▸ **Image-text web data**:
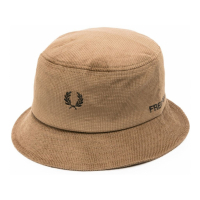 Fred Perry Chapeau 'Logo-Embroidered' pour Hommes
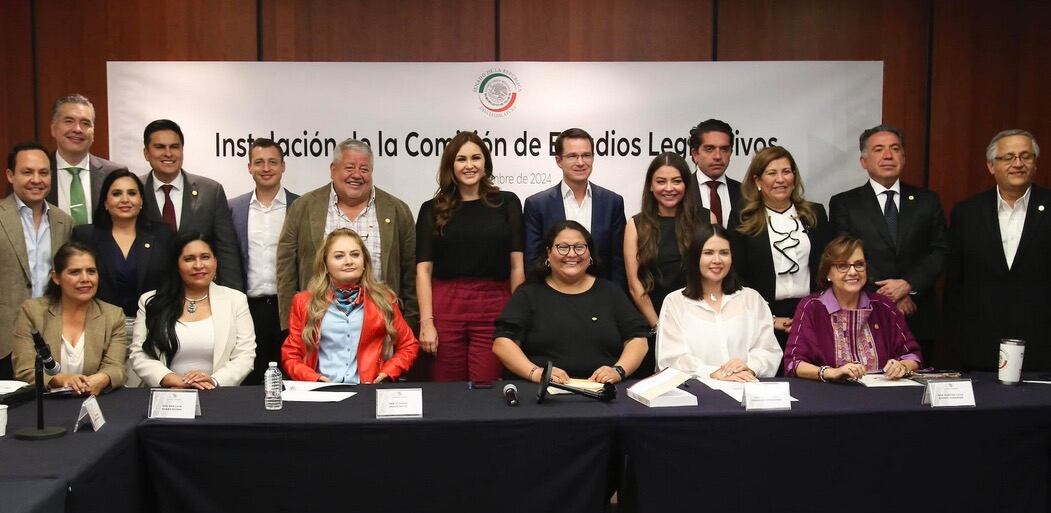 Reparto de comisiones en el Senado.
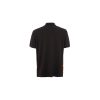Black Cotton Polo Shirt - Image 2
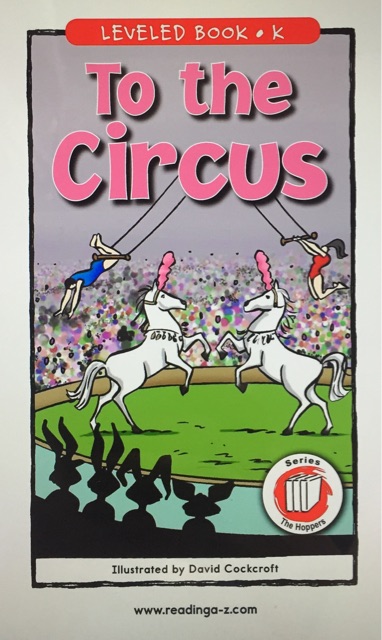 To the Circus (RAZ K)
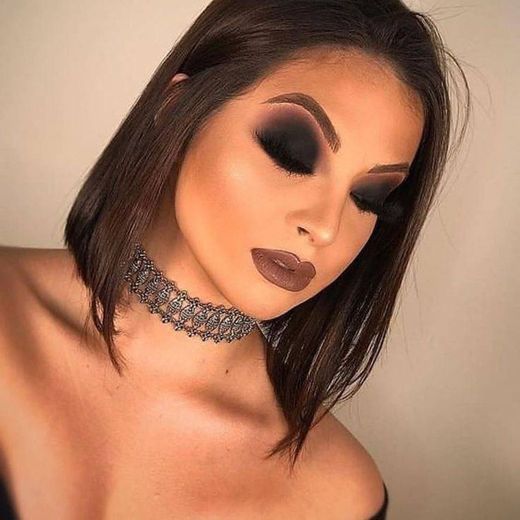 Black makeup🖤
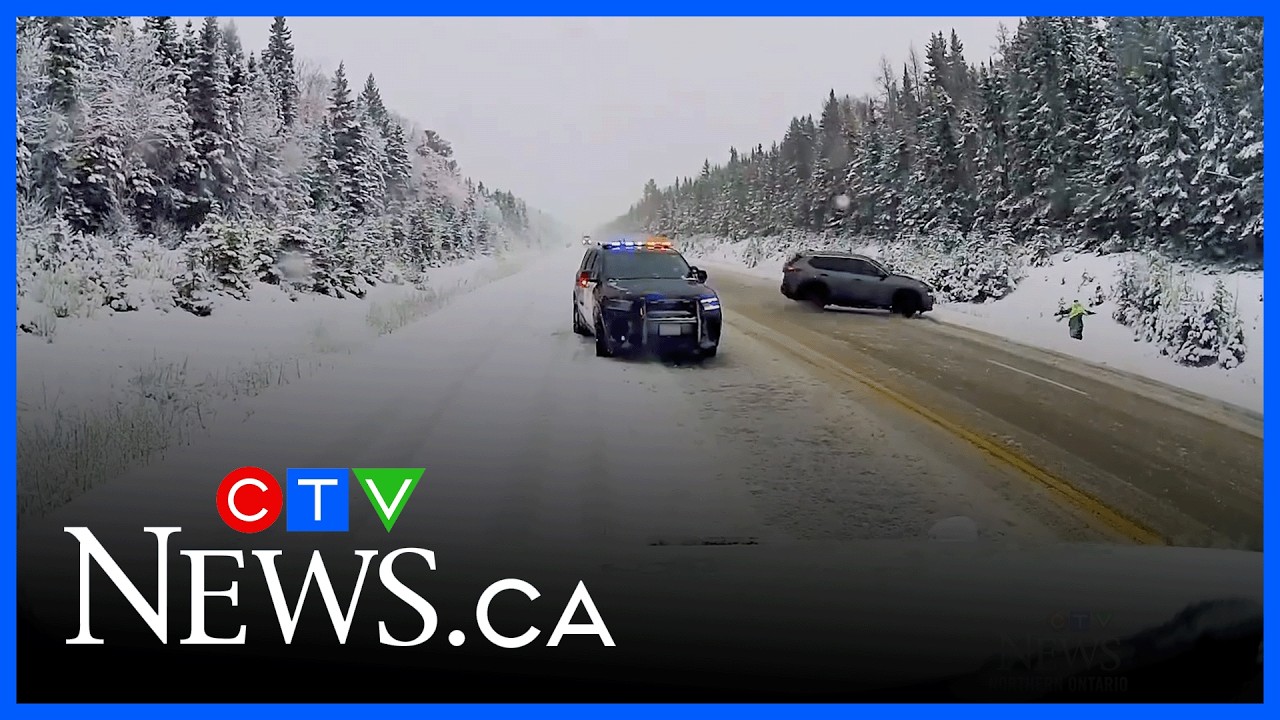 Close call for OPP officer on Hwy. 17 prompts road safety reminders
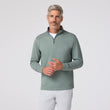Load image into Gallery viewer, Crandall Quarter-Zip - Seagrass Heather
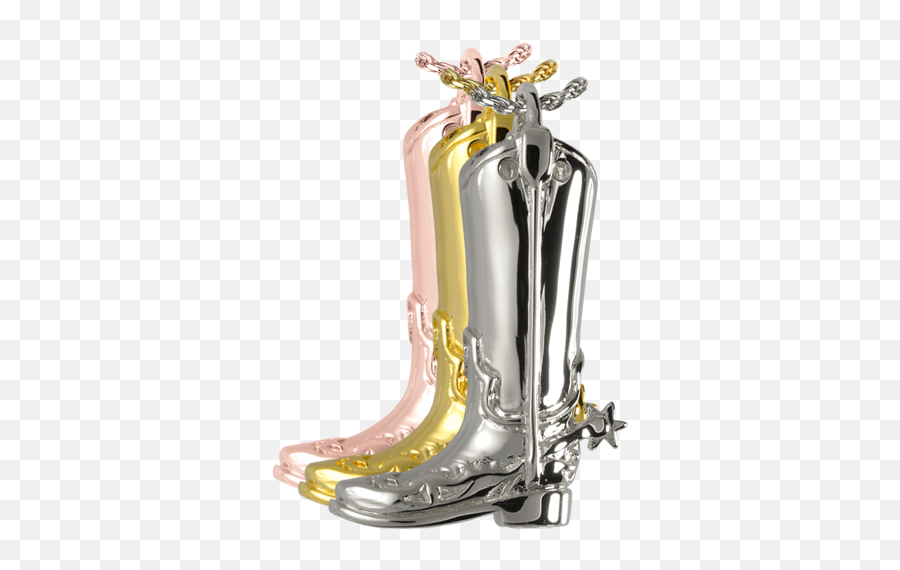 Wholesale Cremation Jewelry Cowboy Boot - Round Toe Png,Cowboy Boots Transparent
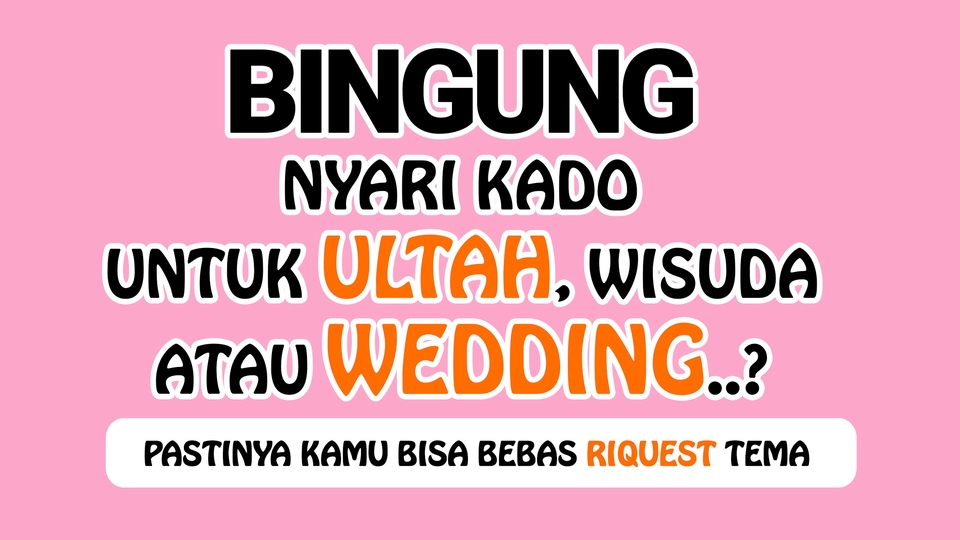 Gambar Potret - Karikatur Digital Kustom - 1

--

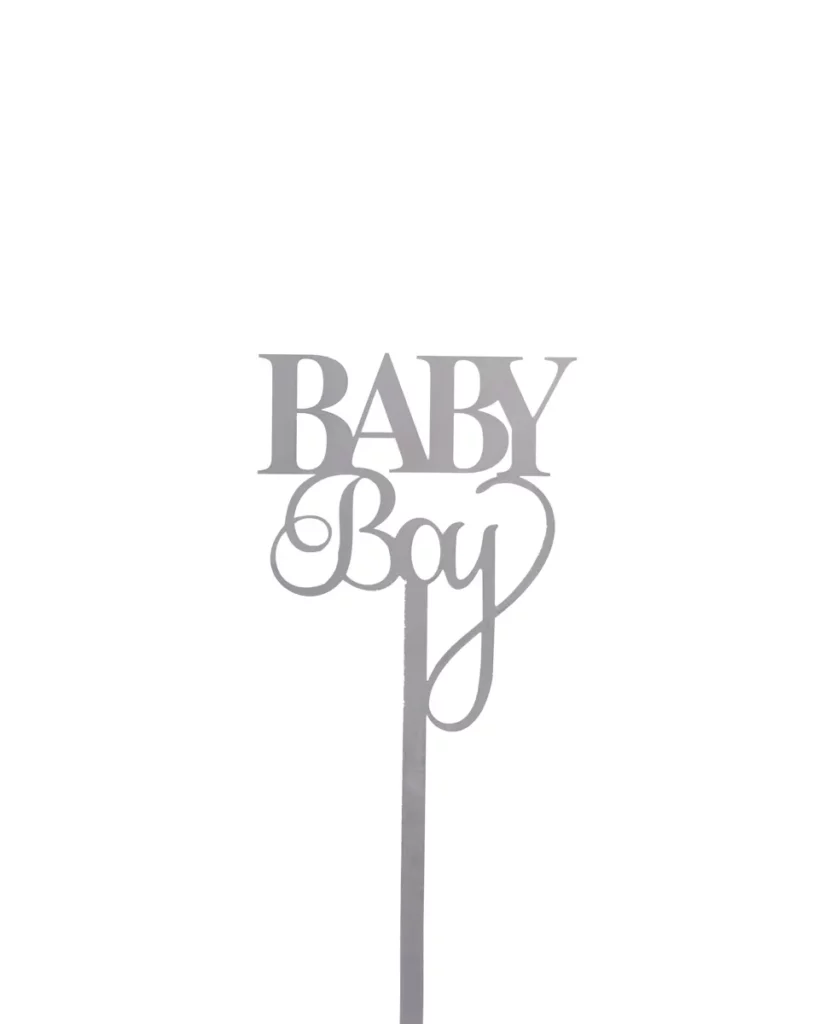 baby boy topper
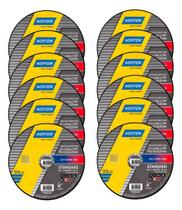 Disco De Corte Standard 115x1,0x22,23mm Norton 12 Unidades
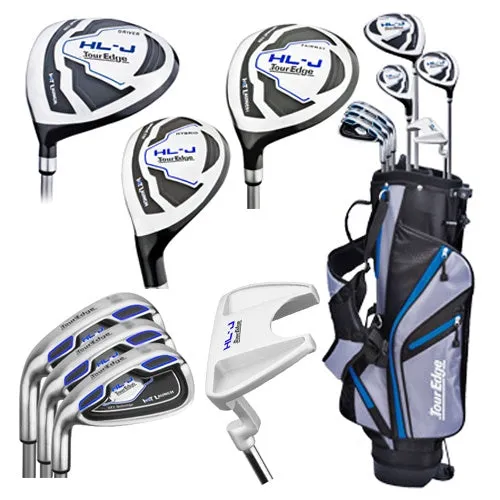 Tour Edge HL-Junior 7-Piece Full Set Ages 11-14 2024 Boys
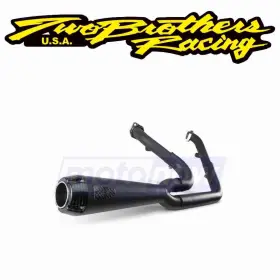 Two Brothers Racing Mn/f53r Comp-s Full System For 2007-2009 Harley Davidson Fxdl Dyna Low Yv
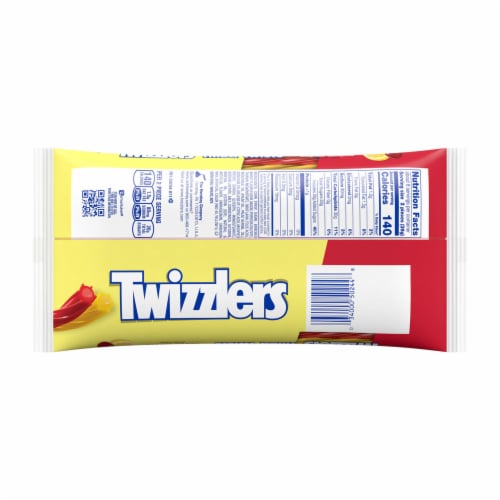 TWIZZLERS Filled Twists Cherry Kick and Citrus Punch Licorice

▸ **Requirement**: Though the entries above contain pictures, none should be copied; reproduce only the lines between the one holding "Fred Perry Chapeau" and the one holding "Close call for", inclusive, exactly as written.

▸ **Your response**:
 Fred Perry Chapeau 'Logo-Embroidered' pour Hommes
 Reparto de comisiones en el Senado.
Black Cotton Polo Shirt - Image 2
 To the Circus (RAZ K)
 Black makeup🖤
 Close call for OPP officer on Hwy. 17 prompts road safety reminders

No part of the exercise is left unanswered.